Double the recipe. Chicken thighs make great leftovers!

Wednesday, April 24, 2013

Turkey Meatballs with Zucchini, Green Onions and Sumac


Meatballs don’t need breadcrumbs or eggs. It’s official. I have made two of Ottolenghi’s versions and neither one required breadcrumbs as a filler. His lamb kofta recipe that I wrote up here relies on crushed pine nuts to hold them together. I recently made his turkey meatballs with grated zucchini and green onions and substituted the three eggs for flax seed with no issues. (One tablespoon of ground flaxseed with about 2 tablespoons of water equals one egg).

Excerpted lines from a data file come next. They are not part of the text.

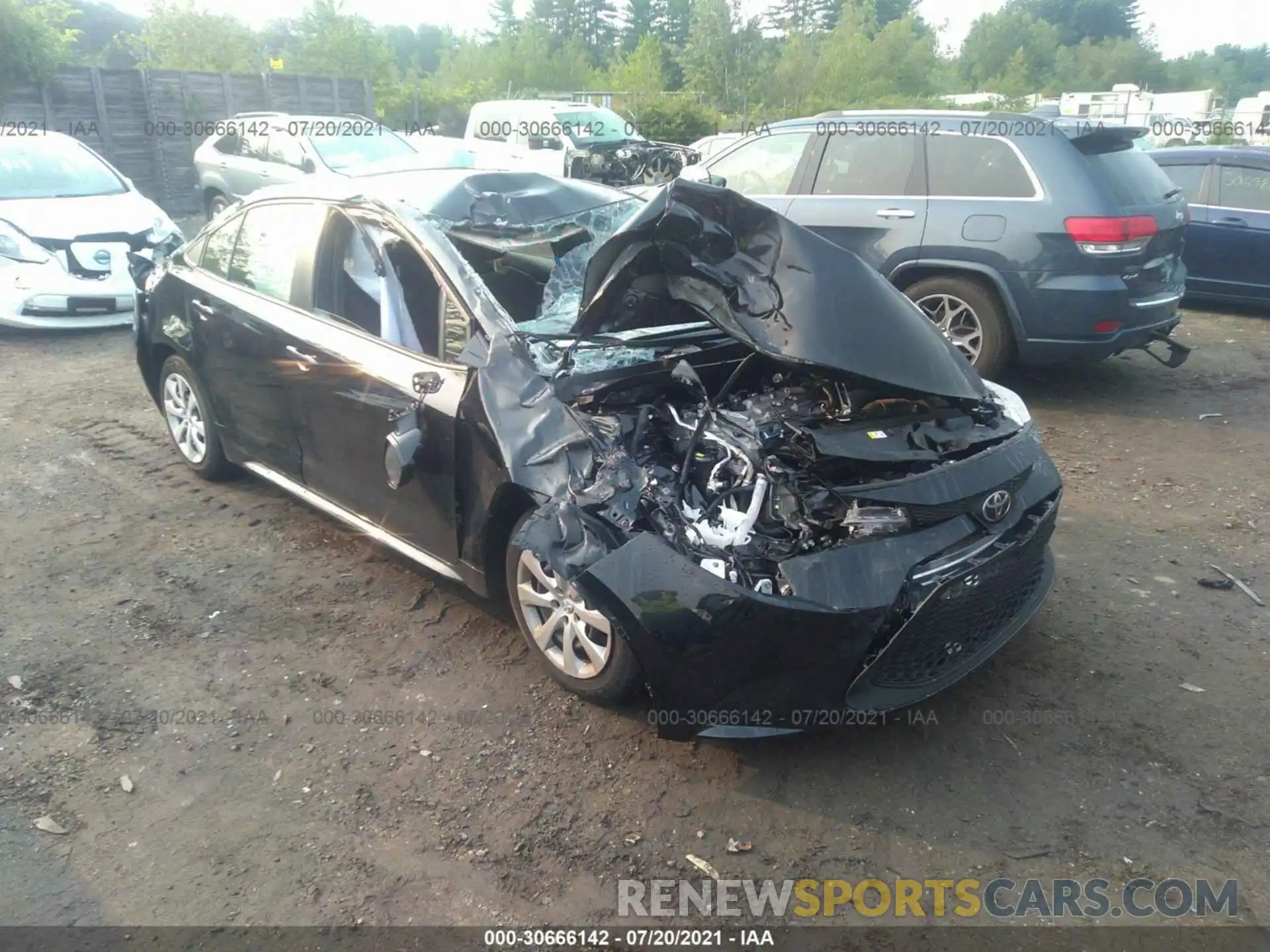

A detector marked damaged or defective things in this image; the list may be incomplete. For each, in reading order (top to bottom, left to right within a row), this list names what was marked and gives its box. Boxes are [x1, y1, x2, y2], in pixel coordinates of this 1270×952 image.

crumpled hood [0, 189, 165, 242]
shattered windshield [413, 192, 709, 370]
crumpled hood [572, 178, 990, 402]
severely damaged toyota corolla [132, 169, 1064, 746]
broken headlight [836, 497, 910, 534]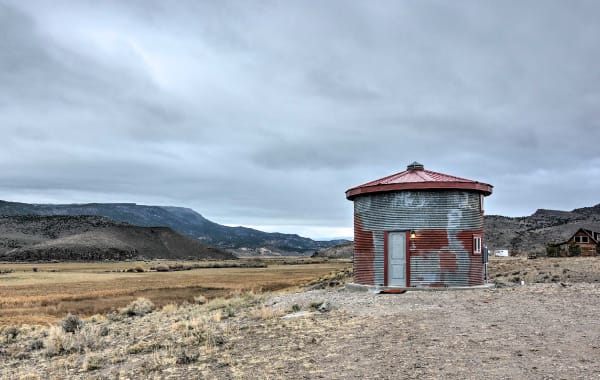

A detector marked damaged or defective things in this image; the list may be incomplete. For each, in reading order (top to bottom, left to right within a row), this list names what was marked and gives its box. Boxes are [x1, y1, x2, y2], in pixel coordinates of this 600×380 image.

rusty metal siding [354, 190, 486, 288]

Breadcrumbs and eggs aside, these flavorful meatballs are awesome. And any recipe that simply says, ‘combine all ingredients in a mixing bowl’ immediately earns points in my book.  Since I wasn’t making the accompanying yogurt sauce (no substitute found for that yet!), I just added the sumac into the turkey mixture so I wouldn’t miss out on that flavor. All that’s left to do after mixing together all the ingredients is to pan sear them and throw them in the oven for 8 minutes.


I doubled the recipe as these little patties travel well and make for great lunches for a few days. They are so packed with flavor that you can serve them with a simple grain and sautéed vegetable to give your taste buds a rest between bites.